Comprende los principios básicos de la presurización y conoce las soluciones más comunes.

Una presión de agua insuficiente es un desafío presente en numerosos edificios comerciales.

Este video le brindará una visión clara de los principios básicos de la presurización y le presentará las soluciones más habituales. 

Comencemos revisando los fundamentos de la presurización. Un sistema de presión se compone de una bomba y un sistema de control. Su objetivo es aumentar la presión del agua para garantizar el máximo confort a todos los usuarios del edificio.

Imagine un edificio de gran altura. Sin presurización, la presión disminuye a medida que el agua asciende por los pisos – dejando a los usuarios de las plantas superiores con poca o ninguna presión.

La necesidad de presurización también puede surgir tras la renovación de un edificio donde cada vivienda incorpora nuevos equipos, como lavavajillas. Con frecuencia, la incorporación de equipos incrementa la demanda sobre la red en determinados momentos del día afectando inevitablemente la presión en los puntos de consumo.

Un tercer escenario es un edificio ubicado en una colina. Aunque tenga una sola planta el agua perderá presión al ascender la pendiente.

En todos estos casos, la presión del suministro público no es suficiente para garantizar una presión adecuada en todo el edificio. La solución es la presurización – veamos las opciones disponibles.

Las dos soluciones más comunes son bombas con arranque/parada y bombas con velocidad variable. Analicémoslas por separado, comenzando por arranque/parada.

En esta solución, la bomba arranca y se detiene según una presión de conexión y desconexión predefinida. ¿Y cómo se determina?

El primer paso es calcular la presión mínima requerida para establecer el nivel de arranque y parada. Tomemos como ejemplo un edificio de 25 plantas, equivalente a 105 metros. Supongamos que se requieren 3 bar mínimos en la última planta – equivalentes a 30 metros columna de agua. El nivel de arranque deberá ser al menos de 13,5 bar y el nivel de parada aproximadamente 14,5 bar.

Para reducir la presión en las plantas inferiores se deben instalar válvulas de alivio en la columna montante. De lo contrario, la presión en planta baja será igual al nivel de parada – en este caso 14,5 bar – un valor excesivo. En edificios de hasta 50 metros de altura puede que no sean necesarias válvulas de alivio.

Dejemos ahora la solución de arranque/parada y pasemos a la alternativa: la bomba con velocidad variable, una solución más avanzada diseñada para ofrecer presión constante de forma energéticamente eficiente. 

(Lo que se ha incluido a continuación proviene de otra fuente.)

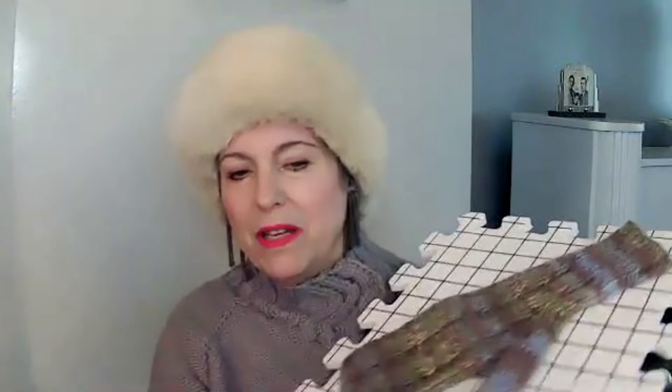Let me show you a pair of mittens that are drying out right now — I'm blocking them. These are for my son. They are convertible mittens, so you can open them up and have access to your fingers for your smartphone.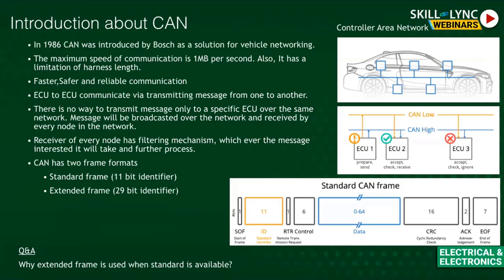CAN was initially introduced in 1986 and was coined by Bosch. Bosch is present not just in automotive but in home appliances, medical, and electrical sectors. In the automotive domain, they invented the CAN protocol, which every other manufacturer and supplier uses for intra-vehicular communication. The maximum CAN speed is 1 Mbps — it is fast, safe, and reliable.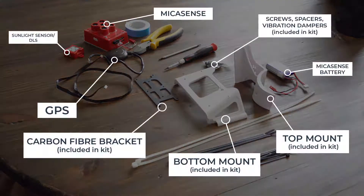Welcome to chapter 1, where we will show you how to integrate your Phantom 4 Pro with your Micasense. Please note that this video uses the integration kit created by Aerobotics.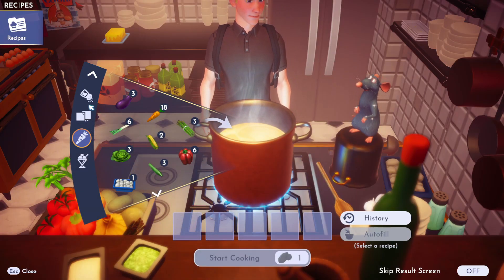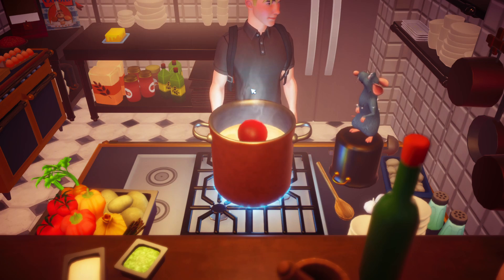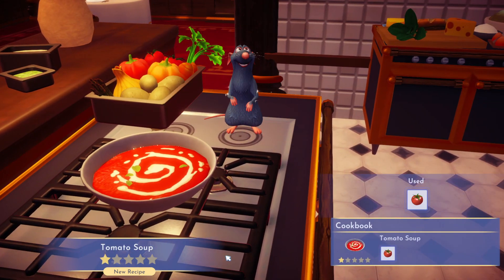So once we're in game, tomato soup is one of the easiest ones we can actually do. We're simply going to take our tomato, drop it into the pan, and press start cooking. It is only a one-ingredient recipe. And there we have it — we have made tomato soup.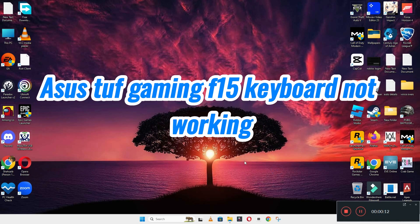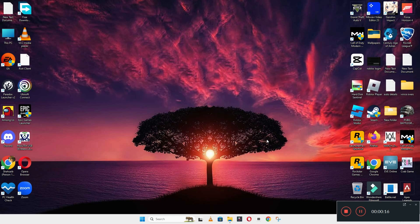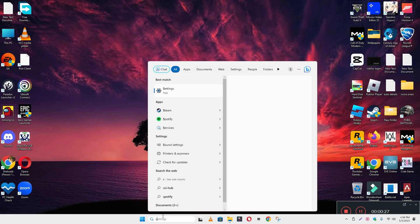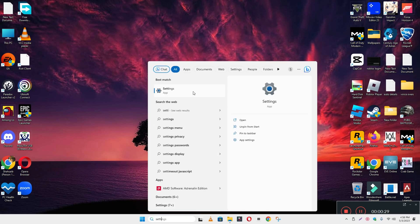Welcome back. In this video, I will show you about a CST ASUS TUF Gaming F15 keyboard problem. If the keyboard is not working properly, I will show you how you can easily fix it. Before I start, if you're new here, don't forget to subscribe and hit the bell icon. Now follow all the steps, watch the complete video, and don't forget to subscribe.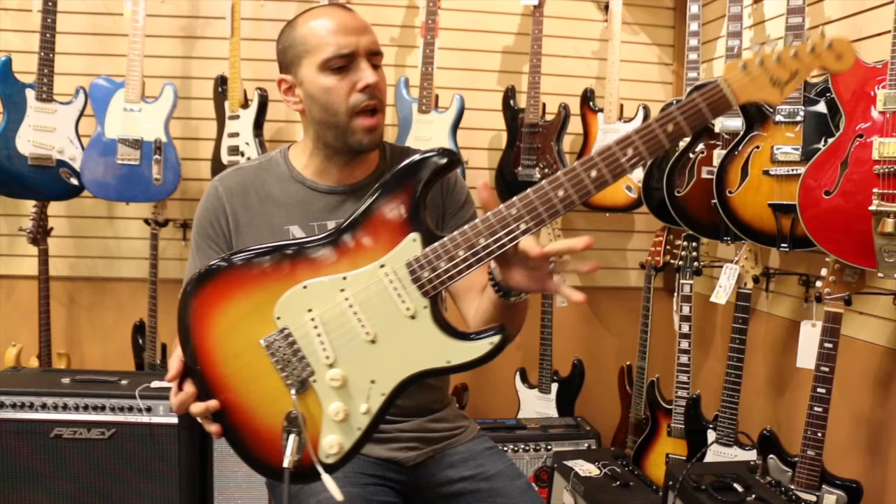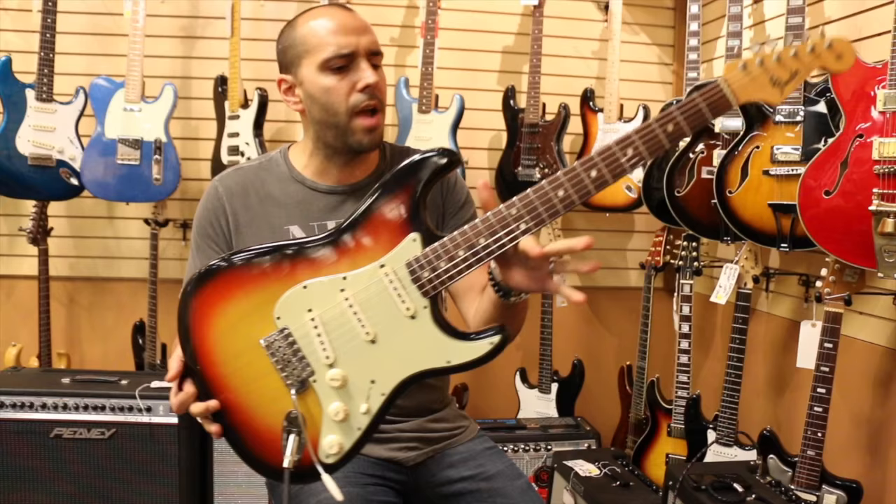There you have it from 1964. L Series Fender Stratocaster, original 3-color sunburst, green guard. Check us out online at normansrareguitars.com.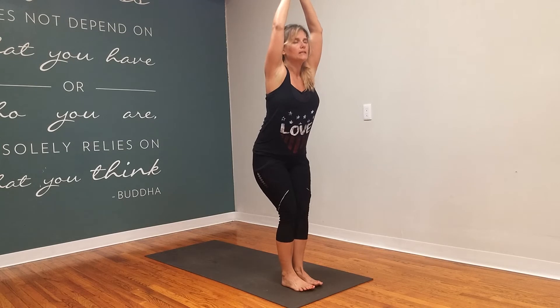For this week's flow, we're going to start at the front of our mat, just a nice equal standing position, and then move the feet closer together — inner thighs touch, knees touch — and begin to sit back into your chair pose, utkatasana.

Pensemos en un edificio residencial. Normalmente existe alta demanda por la mañana pero cuando las personas salen a trabajar la demanda disminuye considerablemente. O cuando, por ejemplo, un restaurante abre al mediodía. 

La bomba de velocidad variable se adapta automáticamente a estos cambios manteniendo el consumo energético al mínimo.

¿Y cómo se configura el sistema? Una vez definido el perfil de demanda del edificio se establece un punto de consigna. La bomba mantendrá la misma presión en todo momento y, en periodos de menor consumo como durante el día o la noche, reducirá la velocidad. Con demandas muy bajas incluso podrá detenerse por completo sin consumir energía. 

Tenga en cuenta que en los niveles inferiores puede ser necesario instalar válvulas de alivio.

Tras revisar los fundamentos y las soluciones más comunes, resumimos:

• La presurización se aplica cuando la presión de la red pública no es suficiente para abastecer todo el edificio.

• Las soluciones más habituales son arranque/parada y velocidad variable – ambas permiten ofrecer a sus clientes el máximo confort mediante una presión adecuada en grifos, duchas y equipos.